[[ Supplied information, beginning ]]

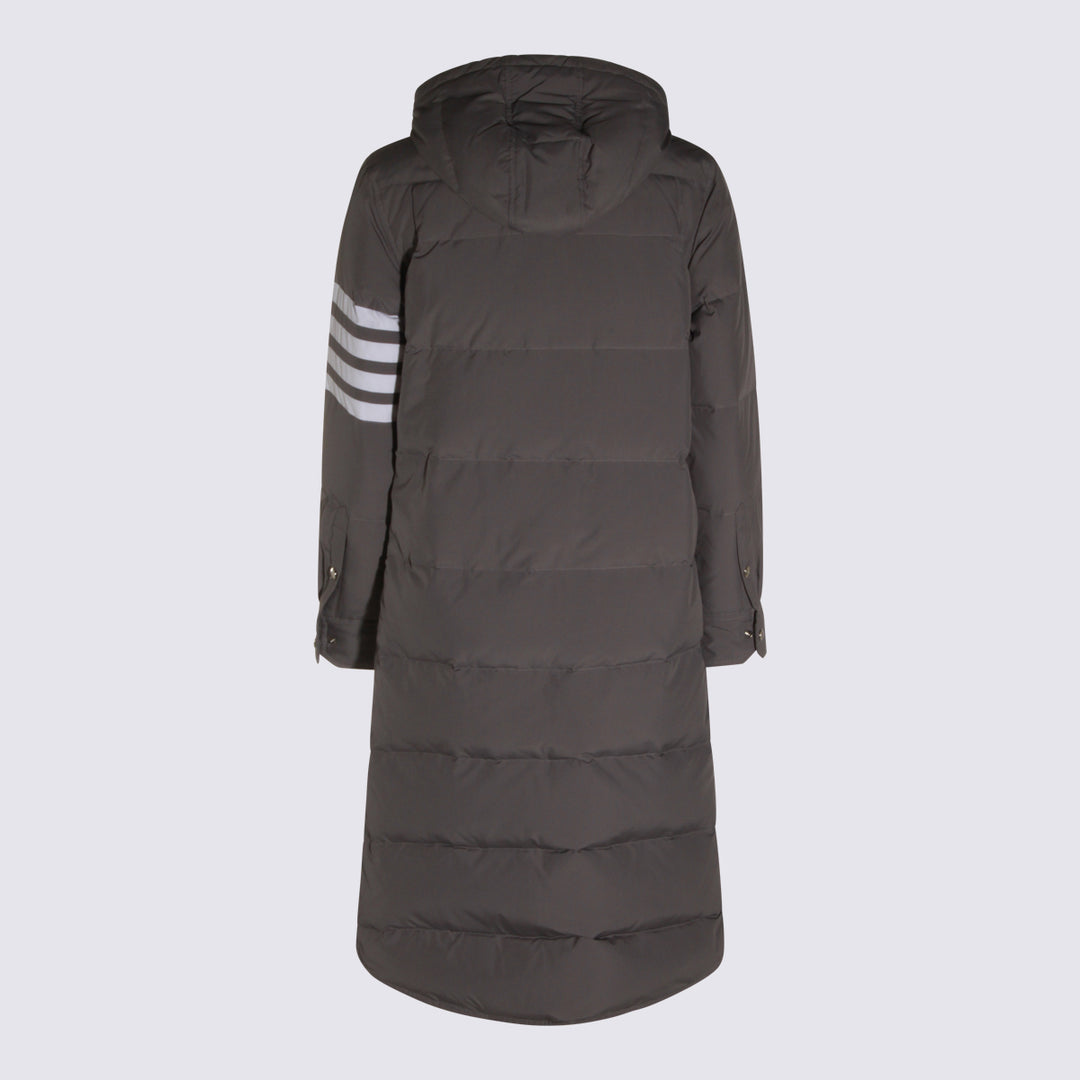 Thom Browne Coats - MED GREY | f764e5f59c66adbce5b55d263bc52715a28d7206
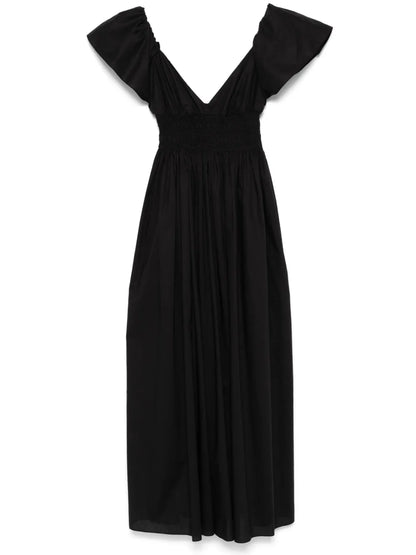 Flutter-Sleeves Midi Dress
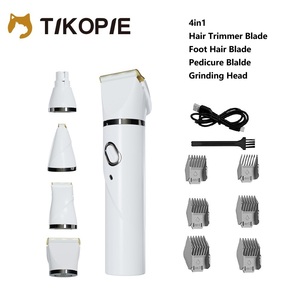 Tosatrice per Cani 4-in-1 a Batteria, Kit Portatile per la Toelettatura degli Animali con Pulitore per Zampe, Occhi, Orecchie e Viso - Product Image 1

[[ Supplied information, end ]]

§ Your objective: Transcribe exactly the span of lines from the line holding "Flutter-Sleeves Midi Dress" through the last line above, both included. Pictures stay out.

§ Answer below:
 Flutter-Sleeves Midi Dress
 Tosatrice per Cani 4-in-1 a Batteria, Kit Portatile per la Toelettatura degli Animali con Pulitore per Zampe, Occhi, Orecchie e Viso - Product Image 1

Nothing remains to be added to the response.